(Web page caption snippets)
----------

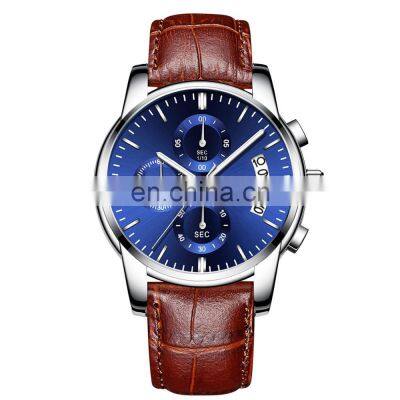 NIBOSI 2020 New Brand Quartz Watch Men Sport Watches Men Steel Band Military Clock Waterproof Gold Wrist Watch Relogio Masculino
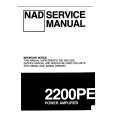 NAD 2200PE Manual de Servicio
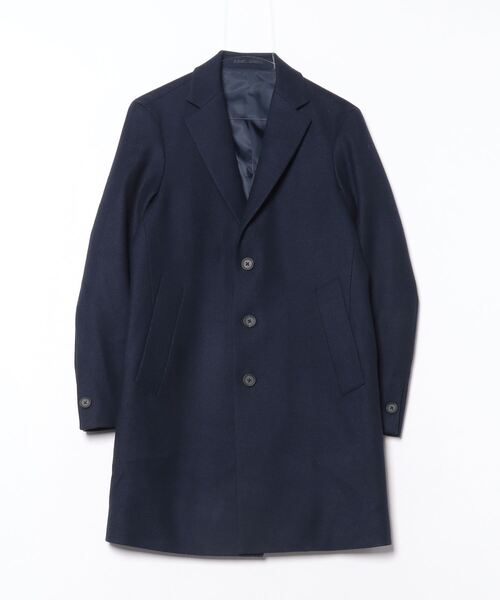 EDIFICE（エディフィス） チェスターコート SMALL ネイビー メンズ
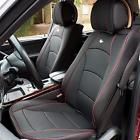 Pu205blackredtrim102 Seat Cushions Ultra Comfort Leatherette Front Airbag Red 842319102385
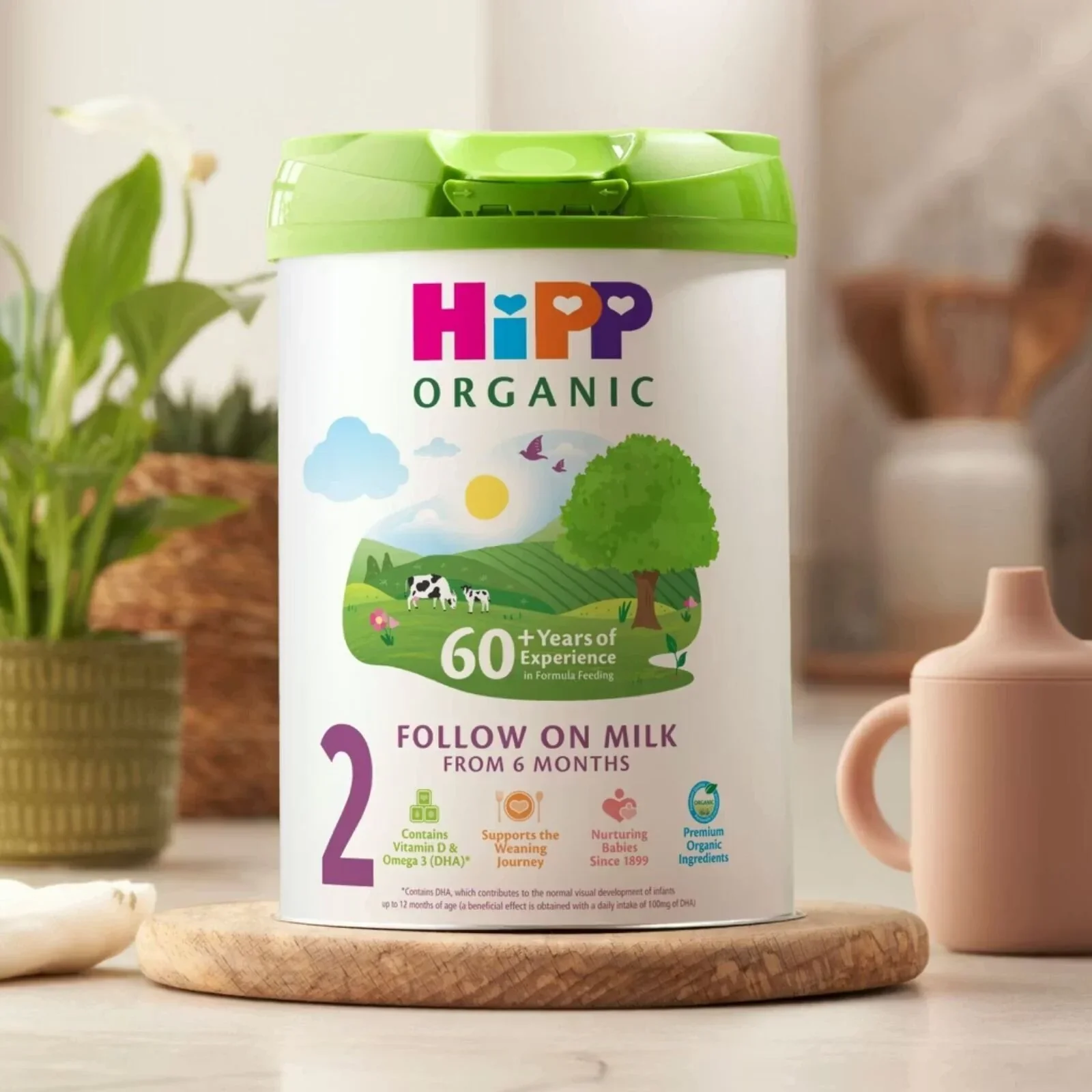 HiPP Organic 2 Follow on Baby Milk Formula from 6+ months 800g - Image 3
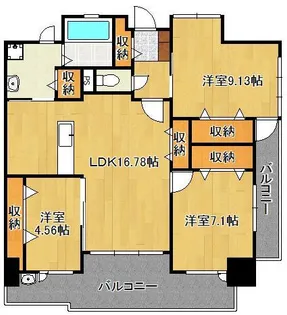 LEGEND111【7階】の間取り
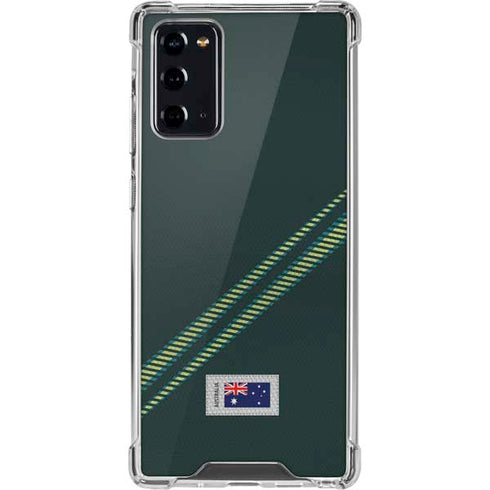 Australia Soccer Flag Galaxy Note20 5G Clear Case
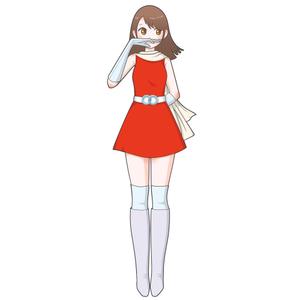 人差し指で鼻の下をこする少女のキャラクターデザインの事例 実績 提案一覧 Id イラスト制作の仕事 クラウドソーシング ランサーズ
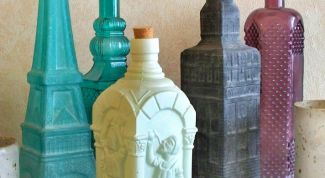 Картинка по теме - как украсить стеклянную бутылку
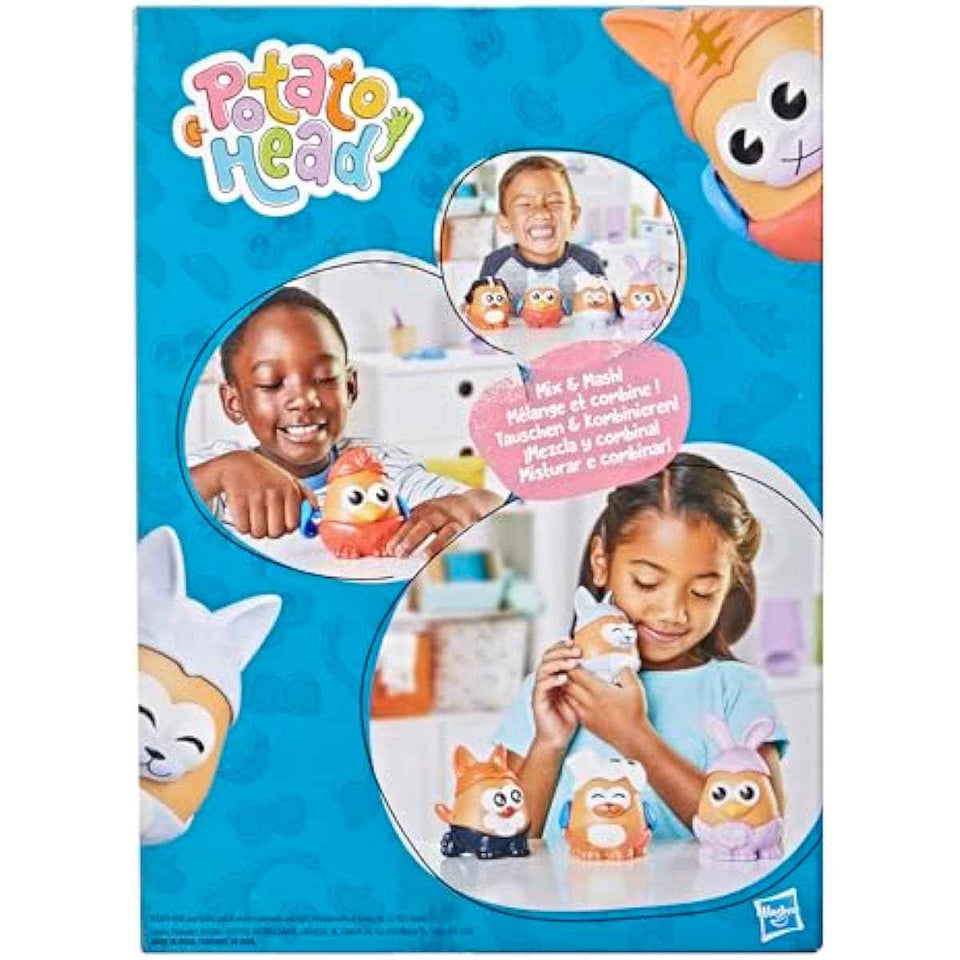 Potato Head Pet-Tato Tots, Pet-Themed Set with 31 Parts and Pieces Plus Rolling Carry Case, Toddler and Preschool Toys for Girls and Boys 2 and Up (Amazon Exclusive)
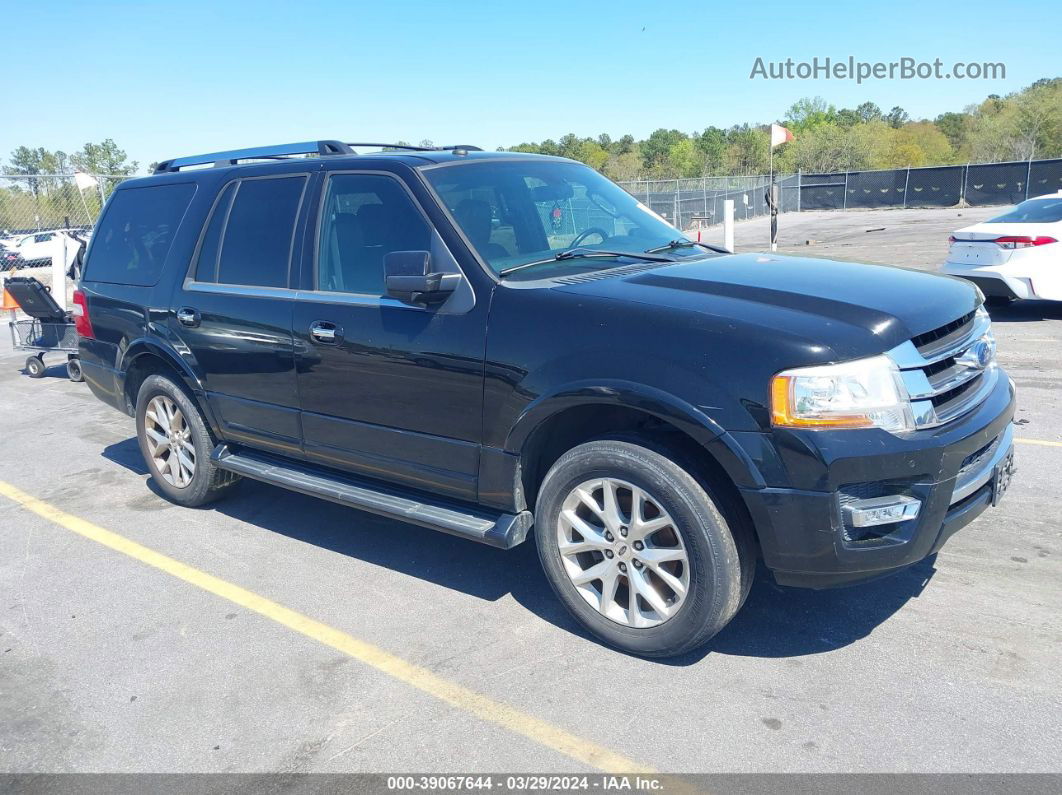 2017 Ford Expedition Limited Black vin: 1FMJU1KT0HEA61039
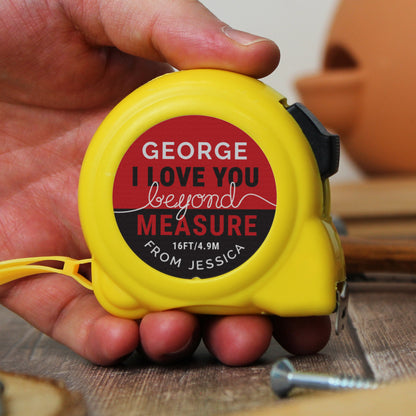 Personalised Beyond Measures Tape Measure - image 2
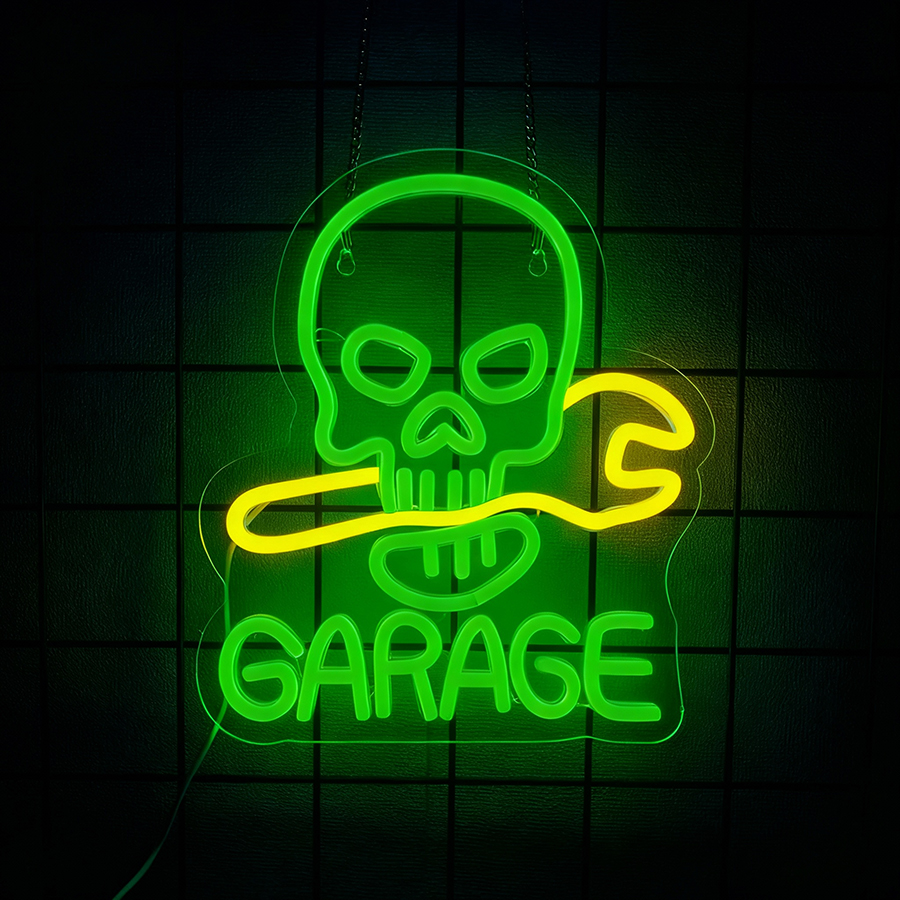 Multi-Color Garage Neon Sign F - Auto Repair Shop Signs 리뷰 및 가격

----------

YOUR ASSIGNMENT: When you copy the data, keep every line exact and drop the pictures.

ANSWER SECTION:
 NIBOSI 2020 New Brand Quartz Watch Men Sport Watches Men Steel Band Military Clock Waterproof Gold Wrist Watch Relogio Masculino
 NAD 2200PE Manual de Servicio
 EDIFICE（エディフィス） チェスターコート SMALL ネイビー メンズ
 Pu205blackredtrim102 Seat Cushions Ultra Comfort Leatherette Front Airbag Red 842319102385
 HiPP Organic 2 Follow on Baby Milk Formula from 6+ months 800g - Image 3
 LEGEND111【7階】の間取り
 Australia Soccer Flag Galaxy Note20 5G Clear Case
 人差し指で鼻の下をこする少女のキャラクターデザインの事例 実績 提案一覧 Id イラスト制作の仕事 クラウドソーシング ランサーズ
 Картинка по теме - как украсить стеклянную бутылку
 Potato Head Pet-Tato Tots, Pet-Themed Set with 31 Parts and Pieces Plus Rolling Carry Case, Toddler and Preschool Toys for Girls and Boys 2 and Up (Amazon Exclusive)
 2017 Ford Expedition Limited Black vin: 1FMJU1KT0HEA61039
 Personalised Beyond Measures Tape Measure - image 2
 Multi-Color Garage Neon Sign F - Auto Repair Shop Signs 리뷰 및 가격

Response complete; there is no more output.